§ Records shown

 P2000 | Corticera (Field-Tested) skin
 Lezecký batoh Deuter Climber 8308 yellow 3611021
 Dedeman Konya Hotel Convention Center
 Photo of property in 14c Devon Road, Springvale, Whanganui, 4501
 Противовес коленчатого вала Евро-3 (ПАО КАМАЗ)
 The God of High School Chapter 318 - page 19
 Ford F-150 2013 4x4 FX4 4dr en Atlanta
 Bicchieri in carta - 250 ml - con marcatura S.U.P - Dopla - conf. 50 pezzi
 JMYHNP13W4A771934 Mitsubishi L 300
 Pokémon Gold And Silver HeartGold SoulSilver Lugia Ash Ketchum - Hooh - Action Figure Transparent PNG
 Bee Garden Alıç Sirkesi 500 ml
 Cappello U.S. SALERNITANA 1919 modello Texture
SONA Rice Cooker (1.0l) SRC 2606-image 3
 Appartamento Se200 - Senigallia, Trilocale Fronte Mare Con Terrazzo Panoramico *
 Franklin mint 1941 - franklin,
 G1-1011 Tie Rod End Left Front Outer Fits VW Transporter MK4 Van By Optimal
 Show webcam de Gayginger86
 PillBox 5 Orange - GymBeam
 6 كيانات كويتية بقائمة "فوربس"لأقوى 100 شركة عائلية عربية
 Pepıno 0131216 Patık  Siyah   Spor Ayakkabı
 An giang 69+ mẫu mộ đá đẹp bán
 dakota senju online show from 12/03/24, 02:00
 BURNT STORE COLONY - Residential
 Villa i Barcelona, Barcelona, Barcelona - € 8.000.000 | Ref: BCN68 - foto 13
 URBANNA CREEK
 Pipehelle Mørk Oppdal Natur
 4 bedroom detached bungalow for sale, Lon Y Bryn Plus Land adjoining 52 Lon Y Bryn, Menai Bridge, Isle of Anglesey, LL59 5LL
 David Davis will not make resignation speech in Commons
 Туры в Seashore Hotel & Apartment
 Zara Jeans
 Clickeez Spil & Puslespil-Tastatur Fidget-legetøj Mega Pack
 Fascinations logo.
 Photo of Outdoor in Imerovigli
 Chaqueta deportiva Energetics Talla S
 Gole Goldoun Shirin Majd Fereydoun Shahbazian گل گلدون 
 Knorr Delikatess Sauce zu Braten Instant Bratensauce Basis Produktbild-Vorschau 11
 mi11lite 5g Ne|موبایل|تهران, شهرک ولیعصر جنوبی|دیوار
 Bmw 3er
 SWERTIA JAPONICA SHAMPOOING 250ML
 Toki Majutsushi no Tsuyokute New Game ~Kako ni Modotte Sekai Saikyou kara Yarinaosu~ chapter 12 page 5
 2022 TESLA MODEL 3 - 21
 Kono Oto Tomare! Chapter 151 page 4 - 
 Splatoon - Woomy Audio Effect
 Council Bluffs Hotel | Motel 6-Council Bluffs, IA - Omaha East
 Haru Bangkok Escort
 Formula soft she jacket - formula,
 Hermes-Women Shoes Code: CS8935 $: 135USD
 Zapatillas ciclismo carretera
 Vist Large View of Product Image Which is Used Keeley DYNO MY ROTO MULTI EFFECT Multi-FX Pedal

§ About this task
Return exactly the lines above from the line that has "The God of High School Chapter 318 - page 19" through the line that has "G1-1011 Tie Rod", inclusive, and nothing else.

§ Solved exercise
 The God of High School Chapter 318 - page 19
 Ford F-150 2013 4x4 FX4 4dr en Atlanta
 Bicchieri in carta - 250 ml - con marcatura S.U.P - Dopla - conf. 50 pezzi
 JMYHNP13W4A771934 Mitsubishi L 300
 Pokémon Gold And Silver HeartGold SoulSilver Lugia Ash Ketchum - Hooh - Action Figure Transparent PNG
 Bee Garden Alıç Sirkesi 500 ml
 Cappello U.S. SALERNITANA 1919 modello Texture
SONA Rice Cooker (1.0l) SRC 2606-image 3
 Appartamento Se200 - Senigallia, Trilocale Fronte Mare Con Terrazzo Panoramico *
 Franklin mint 1941 - franklin,
 G1-1011 Tie Rod End Left Front Outer Fits VW Transporter MK4 Van By Optimal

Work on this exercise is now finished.